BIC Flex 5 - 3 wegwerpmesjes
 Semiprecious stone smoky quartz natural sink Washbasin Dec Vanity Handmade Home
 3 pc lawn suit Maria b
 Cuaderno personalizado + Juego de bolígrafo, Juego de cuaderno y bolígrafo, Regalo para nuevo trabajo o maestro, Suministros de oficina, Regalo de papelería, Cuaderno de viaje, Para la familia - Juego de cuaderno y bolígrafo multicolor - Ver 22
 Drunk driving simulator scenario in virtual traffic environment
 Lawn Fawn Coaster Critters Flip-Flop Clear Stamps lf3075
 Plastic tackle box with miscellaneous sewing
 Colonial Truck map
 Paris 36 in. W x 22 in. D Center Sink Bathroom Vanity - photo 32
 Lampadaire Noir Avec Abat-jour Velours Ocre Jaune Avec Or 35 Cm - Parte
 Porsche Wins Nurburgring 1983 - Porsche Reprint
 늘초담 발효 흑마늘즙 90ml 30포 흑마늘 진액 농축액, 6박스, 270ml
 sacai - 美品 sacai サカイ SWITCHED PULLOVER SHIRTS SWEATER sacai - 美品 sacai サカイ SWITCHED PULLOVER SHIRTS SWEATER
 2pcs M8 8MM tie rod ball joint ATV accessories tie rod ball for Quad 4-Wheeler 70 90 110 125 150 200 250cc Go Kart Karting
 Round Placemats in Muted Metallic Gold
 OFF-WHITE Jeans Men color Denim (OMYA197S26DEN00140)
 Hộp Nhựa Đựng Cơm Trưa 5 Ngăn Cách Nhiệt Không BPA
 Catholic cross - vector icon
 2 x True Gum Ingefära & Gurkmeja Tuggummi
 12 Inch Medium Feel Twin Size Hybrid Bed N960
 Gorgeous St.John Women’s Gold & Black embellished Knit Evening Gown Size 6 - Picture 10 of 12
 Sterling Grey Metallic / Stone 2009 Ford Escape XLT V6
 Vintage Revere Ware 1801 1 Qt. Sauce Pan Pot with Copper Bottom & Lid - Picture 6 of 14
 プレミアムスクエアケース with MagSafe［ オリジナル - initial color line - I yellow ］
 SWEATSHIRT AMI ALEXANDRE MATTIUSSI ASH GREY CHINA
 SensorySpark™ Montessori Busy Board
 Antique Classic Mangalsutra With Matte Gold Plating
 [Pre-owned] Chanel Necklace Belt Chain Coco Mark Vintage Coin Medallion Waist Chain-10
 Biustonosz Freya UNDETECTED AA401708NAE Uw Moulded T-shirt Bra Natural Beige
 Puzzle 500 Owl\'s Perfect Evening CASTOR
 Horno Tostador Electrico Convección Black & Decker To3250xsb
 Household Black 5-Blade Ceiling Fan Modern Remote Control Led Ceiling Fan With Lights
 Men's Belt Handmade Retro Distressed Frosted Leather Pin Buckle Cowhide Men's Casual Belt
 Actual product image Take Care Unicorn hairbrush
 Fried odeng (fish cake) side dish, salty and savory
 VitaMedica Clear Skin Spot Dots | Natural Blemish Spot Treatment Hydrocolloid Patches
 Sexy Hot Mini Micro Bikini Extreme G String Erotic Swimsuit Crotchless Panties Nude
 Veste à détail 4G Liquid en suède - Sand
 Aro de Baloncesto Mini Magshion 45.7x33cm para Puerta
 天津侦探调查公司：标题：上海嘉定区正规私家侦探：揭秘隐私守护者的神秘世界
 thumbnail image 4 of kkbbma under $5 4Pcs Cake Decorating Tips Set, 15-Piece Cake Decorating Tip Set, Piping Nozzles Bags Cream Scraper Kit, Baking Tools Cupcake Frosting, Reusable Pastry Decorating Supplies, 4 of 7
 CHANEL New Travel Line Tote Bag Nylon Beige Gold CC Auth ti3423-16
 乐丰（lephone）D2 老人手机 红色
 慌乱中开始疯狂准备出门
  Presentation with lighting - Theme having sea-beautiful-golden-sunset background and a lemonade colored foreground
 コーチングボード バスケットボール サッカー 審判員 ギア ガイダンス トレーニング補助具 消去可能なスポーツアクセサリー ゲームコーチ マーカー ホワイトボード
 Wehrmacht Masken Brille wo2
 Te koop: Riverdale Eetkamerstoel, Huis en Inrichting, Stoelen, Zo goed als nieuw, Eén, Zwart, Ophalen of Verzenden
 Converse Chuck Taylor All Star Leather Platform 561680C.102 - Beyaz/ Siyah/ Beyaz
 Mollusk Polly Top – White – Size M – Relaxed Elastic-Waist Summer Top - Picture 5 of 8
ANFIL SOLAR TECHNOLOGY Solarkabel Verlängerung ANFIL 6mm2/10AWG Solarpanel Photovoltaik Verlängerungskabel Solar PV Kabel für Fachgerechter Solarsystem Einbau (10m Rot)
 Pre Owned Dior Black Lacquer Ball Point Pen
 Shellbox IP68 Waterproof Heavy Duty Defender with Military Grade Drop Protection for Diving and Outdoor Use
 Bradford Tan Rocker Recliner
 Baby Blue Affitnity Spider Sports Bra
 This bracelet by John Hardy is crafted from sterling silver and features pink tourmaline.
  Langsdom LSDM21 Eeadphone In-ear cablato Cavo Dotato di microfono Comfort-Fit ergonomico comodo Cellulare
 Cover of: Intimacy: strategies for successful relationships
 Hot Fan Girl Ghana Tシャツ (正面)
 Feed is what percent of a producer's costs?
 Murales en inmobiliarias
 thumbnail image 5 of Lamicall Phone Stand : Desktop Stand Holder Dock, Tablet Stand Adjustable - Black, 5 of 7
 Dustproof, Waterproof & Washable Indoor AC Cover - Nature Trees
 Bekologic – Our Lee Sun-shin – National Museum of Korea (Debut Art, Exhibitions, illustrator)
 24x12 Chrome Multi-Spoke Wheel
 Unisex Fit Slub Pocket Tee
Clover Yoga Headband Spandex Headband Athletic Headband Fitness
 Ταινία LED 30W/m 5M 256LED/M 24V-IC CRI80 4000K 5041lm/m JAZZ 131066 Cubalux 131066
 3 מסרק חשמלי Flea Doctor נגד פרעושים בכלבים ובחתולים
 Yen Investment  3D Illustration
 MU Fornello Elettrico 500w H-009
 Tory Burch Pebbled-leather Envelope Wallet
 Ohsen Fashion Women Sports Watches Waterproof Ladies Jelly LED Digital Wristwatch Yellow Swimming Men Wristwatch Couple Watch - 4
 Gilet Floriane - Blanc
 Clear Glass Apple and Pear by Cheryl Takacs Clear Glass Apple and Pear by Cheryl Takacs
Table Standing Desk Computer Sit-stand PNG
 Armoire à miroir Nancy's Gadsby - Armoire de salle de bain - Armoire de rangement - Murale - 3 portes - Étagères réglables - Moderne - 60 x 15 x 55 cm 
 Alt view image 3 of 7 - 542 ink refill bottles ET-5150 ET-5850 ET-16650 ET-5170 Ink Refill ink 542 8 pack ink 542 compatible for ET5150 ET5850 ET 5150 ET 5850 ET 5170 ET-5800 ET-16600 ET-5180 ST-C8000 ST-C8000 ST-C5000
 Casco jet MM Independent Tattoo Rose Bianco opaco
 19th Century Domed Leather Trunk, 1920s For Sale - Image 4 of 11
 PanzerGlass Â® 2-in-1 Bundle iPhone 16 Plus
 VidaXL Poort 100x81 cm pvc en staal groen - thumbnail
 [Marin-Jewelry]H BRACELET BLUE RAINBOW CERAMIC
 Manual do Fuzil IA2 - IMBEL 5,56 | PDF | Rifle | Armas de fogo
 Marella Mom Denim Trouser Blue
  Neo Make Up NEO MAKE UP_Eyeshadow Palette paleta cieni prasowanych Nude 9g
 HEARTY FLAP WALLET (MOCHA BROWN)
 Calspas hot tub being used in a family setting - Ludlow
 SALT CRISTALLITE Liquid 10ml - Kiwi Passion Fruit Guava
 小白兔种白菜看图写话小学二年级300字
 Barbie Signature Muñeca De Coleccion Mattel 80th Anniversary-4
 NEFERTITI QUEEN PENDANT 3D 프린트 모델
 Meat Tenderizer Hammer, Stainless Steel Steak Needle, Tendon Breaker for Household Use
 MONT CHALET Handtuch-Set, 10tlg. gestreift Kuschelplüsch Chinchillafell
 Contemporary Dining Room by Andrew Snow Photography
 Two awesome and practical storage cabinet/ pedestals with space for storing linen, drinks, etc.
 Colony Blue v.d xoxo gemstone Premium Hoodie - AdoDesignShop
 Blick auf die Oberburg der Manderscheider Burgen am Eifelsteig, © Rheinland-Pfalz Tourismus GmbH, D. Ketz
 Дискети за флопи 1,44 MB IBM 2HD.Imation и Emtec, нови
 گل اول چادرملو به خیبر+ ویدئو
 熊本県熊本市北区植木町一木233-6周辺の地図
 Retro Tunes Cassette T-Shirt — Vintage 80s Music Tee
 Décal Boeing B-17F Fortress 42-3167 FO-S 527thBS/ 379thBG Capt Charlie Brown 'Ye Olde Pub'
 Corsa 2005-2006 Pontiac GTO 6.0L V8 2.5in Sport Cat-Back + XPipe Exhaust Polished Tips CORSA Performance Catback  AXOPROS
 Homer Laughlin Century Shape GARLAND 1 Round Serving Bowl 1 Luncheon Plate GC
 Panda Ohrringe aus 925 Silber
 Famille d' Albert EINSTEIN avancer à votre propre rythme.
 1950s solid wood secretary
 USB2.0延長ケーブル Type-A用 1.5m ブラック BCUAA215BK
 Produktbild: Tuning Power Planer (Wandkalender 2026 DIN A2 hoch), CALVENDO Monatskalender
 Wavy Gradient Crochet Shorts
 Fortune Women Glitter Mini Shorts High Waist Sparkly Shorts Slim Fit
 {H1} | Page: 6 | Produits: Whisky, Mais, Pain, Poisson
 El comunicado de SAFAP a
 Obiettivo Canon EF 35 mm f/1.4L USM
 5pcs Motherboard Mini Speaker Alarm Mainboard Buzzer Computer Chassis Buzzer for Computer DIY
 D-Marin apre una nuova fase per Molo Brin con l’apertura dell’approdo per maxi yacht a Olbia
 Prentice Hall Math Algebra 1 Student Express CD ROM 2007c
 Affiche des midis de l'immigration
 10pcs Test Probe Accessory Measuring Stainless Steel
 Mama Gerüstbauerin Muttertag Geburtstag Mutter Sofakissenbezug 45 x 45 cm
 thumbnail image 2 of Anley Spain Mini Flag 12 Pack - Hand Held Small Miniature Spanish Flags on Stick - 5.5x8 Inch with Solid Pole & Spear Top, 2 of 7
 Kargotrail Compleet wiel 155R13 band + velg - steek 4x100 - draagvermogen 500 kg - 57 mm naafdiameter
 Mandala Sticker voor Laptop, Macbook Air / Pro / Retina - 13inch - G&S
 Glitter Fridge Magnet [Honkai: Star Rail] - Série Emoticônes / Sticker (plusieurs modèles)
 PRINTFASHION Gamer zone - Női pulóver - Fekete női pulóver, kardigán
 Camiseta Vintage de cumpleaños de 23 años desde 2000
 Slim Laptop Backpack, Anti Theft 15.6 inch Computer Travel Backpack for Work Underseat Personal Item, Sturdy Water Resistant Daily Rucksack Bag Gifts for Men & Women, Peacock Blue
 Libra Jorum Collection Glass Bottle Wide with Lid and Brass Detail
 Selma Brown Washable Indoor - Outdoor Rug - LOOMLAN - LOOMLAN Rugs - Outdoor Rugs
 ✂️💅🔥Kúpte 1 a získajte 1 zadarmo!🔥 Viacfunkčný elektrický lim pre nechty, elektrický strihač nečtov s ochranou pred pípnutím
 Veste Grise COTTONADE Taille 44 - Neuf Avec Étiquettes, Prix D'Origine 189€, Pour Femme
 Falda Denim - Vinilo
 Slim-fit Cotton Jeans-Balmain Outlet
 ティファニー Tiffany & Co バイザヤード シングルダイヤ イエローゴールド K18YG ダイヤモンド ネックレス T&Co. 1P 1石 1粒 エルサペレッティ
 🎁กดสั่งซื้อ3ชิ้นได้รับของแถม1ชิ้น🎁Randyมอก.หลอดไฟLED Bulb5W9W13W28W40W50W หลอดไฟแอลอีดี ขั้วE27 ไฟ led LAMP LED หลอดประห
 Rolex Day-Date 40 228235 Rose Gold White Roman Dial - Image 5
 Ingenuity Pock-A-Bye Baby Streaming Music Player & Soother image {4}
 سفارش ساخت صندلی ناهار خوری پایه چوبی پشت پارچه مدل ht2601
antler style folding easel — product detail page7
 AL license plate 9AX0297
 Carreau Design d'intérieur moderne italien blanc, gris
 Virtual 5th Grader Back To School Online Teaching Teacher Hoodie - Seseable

------------------------

Beginning with the line above that contains "10pcs Test Probe", copy each line exactly up to and including the line that contains "Camiseta Vintage de", and go no further.

 10pcs Test Probe Accessory Measuring Stainless Steel
 Mama Gerüstbauerin Muttertag Geburtstag Mutter Sofakissenbezug 45 x 45 cm
 thumbnail image 2 of Anley Spain Mini Flag 12 Pack - Hand Held Small Miniature Spanish Flags on Stick - 5.5x8 Inch with Solid Pole & Spear Top, 2 of 7
 Kargotrail Compleet wiel 155R13 band + velg - steek 4x100 - draagvermogen 500 kg - 57 mm naafdiameter
 Mandala Sticker voor Laptop, Macbook Air / Pro / Retina - 13inch - G&S
 Glitter Fridge Magnet [Honkai: Star Rail] - Série Emoticônes / Sticker (plusieurs modèles)
 PRINTFASHION Gamer zone - Női pulóver - Fekete női pulóver, kardigán
 Camiseta Vintage de cumpleaños de 23 años desde 2000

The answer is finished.